Below are the entries; give again exactly the lines from the one mentioning "Homme Football Maillot" through the one mentioning "Denver TC-17C User manual", inclusive.

Listed records
-- Opening Marker --

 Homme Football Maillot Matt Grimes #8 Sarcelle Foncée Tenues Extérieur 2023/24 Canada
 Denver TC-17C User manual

-- Closing Marker --
-- Opening Marker --

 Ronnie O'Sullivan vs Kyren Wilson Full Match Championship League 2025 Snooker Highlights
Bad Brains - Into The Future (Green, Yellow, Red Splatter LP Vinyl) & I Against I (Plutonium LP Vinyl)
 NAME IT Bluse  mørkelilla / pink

-- Closing Marker --

Response box
 Homme Football Maillot Matt Grimes #8 Sarcelle Foncée Tenues Extérieur 2023/24 Canada
 Denver TC-17C User manual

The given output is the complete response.